Among the traits exhibited by the Bissessar government during its five-year term was a certain classlessness. And the ex-prime minister was evidently determined to adhere to habit when the bell tolled Monday night. In a “concession” speech and remarks to reporters, Bissessar could not summon the grace to congratulate Dr. Rowley, preferring instead to point out a few times that her party had secured more of the popular vote than Rowley’s People’s National Movement (PNM).

Bissessar has fine-tuned the art of seeing and knowing truth and calling it false; and proffering falsehoods as truth. She continuously demonstrated this during her tenure and was once again true to form in post-election remarks. Asked to respond to what many had characterized as a brutal campaign run by her party — a campaign which seemingly had as its core objective the personal savaging of Dr. Rowley — Bissessar insisted the party ran a good campaign that “focused on the issues.” Asked about the future of the People’s Partnership coalition she led — a coalition which everyone knows has latterly been a “partnership” in name only — she replied that the Partnership is “very strong.”

The larger number of overall votes garnered by her party (which may not be accurate), to which Bissessar alluded probably speaks to rigidly tribal voting patterns in areas that comprise the base support for Bissessar’s predominantly Indo-Trinidadian party, United National Congress (UNC). The Jack Warner storyline is illustrative of the tribalism factor in the country’s voting. Primary “sponsor” of Bissessar’s ascendancy to the party leadership and becoming prime minister in 2010, by 2013 when Warner and Bissessar parted ways, he was able to resign his seat and win it again overwhelmingly in a special election as head of his own party. But by this year’s general election, with the UNC’s continuation as ruling party at stake, and with Warner by then even more vituperatively anti-Bissessar, he got blown away by his Indo-Trinidadian opponent.

As we said last week, though, it would be the Bissessar administration’s accumulative notoriety – rampant corruption and flagrant abuse of governmental authority – that would guarantee its collapse.

The taint of institutionalized skullduggery that dogged the government from rather early in its term was the kind of giant-sized blemish to which only base support would typically turn a blind eye. The upshot was that almost all of the seats won by the UNC beyond its heartland in the Patrick Manning repudiation vote that was the 2010 election, were lost by the UNC this time around.

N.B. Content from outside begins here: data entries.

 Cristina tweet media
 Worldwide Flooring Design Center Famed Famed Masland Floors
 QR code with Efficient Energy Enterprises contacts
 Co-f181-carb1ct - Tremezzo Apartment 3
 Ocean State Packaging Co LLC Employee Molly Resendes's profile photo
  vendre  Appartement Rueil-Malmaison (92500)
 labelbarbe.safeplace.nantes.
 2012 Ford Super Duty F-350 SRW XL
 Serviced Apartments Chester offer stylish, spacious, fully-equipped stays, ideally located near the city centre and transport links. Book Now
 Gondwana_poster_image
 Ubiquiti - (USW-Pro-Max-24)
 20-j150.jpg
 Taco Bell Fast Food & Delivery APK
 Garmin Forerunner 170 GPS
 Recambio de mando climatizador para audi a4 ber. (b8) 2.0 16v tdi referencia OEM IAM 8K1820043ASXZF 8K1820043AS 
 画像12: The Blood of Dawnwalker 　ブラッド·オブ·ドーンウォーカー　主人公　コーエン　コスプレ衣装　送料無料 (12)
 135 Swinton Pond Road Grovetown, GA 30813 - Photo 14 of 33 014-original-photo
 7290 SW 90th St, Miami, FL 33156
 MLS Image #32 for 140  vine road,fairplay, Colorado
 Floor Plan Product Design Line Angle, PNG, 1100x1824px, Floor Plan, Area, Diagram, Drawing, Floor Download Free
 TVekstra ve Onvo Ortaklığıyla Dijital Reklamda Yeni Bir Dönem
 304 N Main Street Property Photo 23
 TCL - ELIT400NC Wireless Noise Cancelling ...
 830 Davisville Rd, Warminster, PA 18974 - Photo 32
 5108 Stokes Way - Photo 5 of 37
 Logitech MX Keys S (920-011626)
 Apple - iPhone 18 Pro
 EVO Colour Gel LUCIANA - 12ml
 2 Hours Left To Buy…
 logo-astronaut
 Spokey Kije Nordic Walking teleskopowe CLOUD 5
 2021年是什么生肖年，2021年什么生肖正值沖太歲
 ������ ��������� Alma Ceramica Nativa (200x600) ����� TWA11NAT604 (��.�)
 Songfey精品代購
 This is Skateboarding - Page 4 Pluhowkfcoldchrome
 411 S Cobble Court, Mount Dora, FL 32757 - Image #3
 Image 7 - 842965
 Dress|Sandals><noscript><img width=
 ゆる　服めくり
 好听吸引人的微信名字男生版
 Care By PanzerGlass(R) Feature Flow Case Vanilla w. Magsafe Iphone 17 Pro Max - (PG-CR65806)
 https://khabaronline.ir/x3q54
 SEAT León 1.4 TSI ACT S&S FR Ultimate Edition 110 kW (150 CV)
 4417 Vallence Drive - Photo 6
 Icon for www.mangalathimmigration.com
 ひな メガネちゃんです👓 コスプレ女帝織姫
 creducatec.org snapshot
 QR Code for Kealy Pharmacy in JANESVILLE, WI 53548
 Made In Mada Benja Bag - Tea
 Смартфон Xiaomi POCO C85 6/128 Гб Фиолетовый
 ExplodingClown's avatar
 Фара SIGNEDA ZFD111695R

Even so, success for the PNM would not have resulted without a well planned and executed campaign and without the leadership presence Dr. Rowley has come to represent. Indeed, not only with respect to the just concluded election campaign but over the five years preceding it, Dr. Rowley has made significant strides as head of the party, leading the PNM in the process to four consecutive electoral victories. Trinidad Express columnist Raffique Shah commented a few days ago that the one aspect of the 2015 election season he found noteworthy was the emergence of Dr. Rowley as a leader and orator.

The rise of Rowley cannot but dial up a flashback to the man he succeeded as PNM leader. The out-of-control locomotive Patrick Manning obstinately chose to steer right into the 2010 debacle he created for the PNM was already on course for things going awry when Manning planned and effected a totally unwarranted humiliation of Dr. Rowley. Regretfully, Manning, who has been ill, apparently continues to harbor a vindictiveness, where Dr. Rowley is concerned, that puts him in much the same league as Bissessar and her aforementioned lack of grace.

If only for the unusual fortitude and tenacity he has shown in the face of a battering from sources both presumably friendly and openly hostile, Dr. Rowley, it would seem, has earned his prime ministerial shot.